Yep girls spend most of their time talking about other girls, guys, their interests etc.
Girls do it because its the way we bond with one another. A lot of the time we reach a consensus and all agree that we don't like someone so it makes us feel better about ourselves. I think its a lot to do with insecurity to be honest. You can be friends with a girl but it often doesn't mean a lot when it comes to loyalty whereas guys are much more chilled out and the bitching doesn't reach the same fever pitch. I am a feminist but honestly the way girls slate each other says something else about us women and its not something I would be proud of. People go on about sisterhood but honestly women are very competitive and are constantly pitting against each other deep down. I keep trying not to bitch but sometimes its hard not to just let rip and vent even though it doesn't do any good lol.
One area where we can be better than men (lol) is in expressing our feelings. is. If someone hurt me, I would go to a female friend for consolation whereas men are better at fixing a concrete tangible problem. Some guys open up a bit at times, it just would take a lot longer and men relate to people differently than women anyway. Women are very emotional whereas men are much more about banter and teasing in a harmless way. Its good to be around a mix of guys and girls because men will lighten any tension with humour whereas women will just bitch!Being around only females is a heightened atmosphere emotionally.
Men and women communicate differently. Males tend to use "report" communication, meaning talking about the score of a game, statistics from a newspaper article, the betting pool of their fantasy football, etc... It's literally "small talk".
Women however rely on "rapport" communication, meaning they talk about other people or things, as a way to catch each other up on people's lives. They are more interested in the social and personal aspect of communication, rather than the more casual and closed off communication of men.
Now, this isn't accurate across the board, but social psychology research shows that men and women talk about different topics, and women talk twice as much as men. Just look at my response compared to the men's! :)
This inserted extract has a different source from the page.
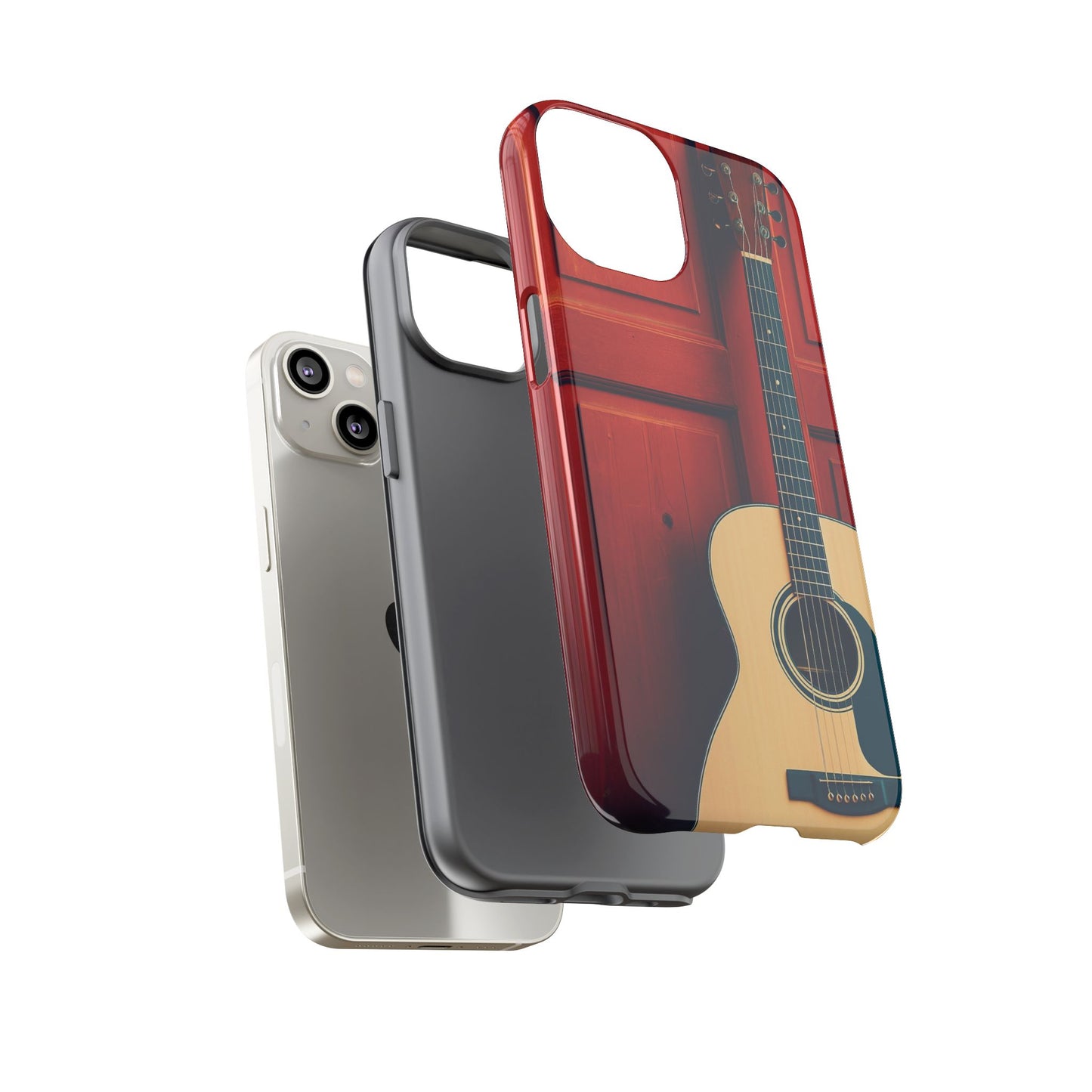 Guitar Phone Case, Tough Cases for Musicians, Unique Gift for Guitar Lovers, Music Themed Tech Accessory, Acoustic Guitar Design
When I was like 12 - 16 girls did gossip a lot which I never really understood why they were interested in other people they barely knew lived ! I had rumors said about me and people I never even seen in my life would be like oh your the one this ,that and the other and its like em what do I know you ? Girls that gossip are sad and don't lead a very exciting life if all they do is gossip about people and are very immature ! But now I'm 18 which isn't old but people I know don't really gossip like they used to when we were younger ! Seriously we don't all gossip its just the bored sad pathetic girls that do ! Immature I know ! But they'll learn one day not too when someone starts gossiping about them
Yeah, I've seen too many people that have been hurt by gossips when they've done nothing wrong . One girl in my old school used to have a 'loose' life, but then she came to my school and she changed . Unfortunately, a girl from her old school came and spread stories about her and she was REALLY hurt by it . He wasn't like that any more . It is very immature . There's so much that can be done to improve someone's life, so why ruin it ? Is that really entertaining ? I can't understand that . It's sick .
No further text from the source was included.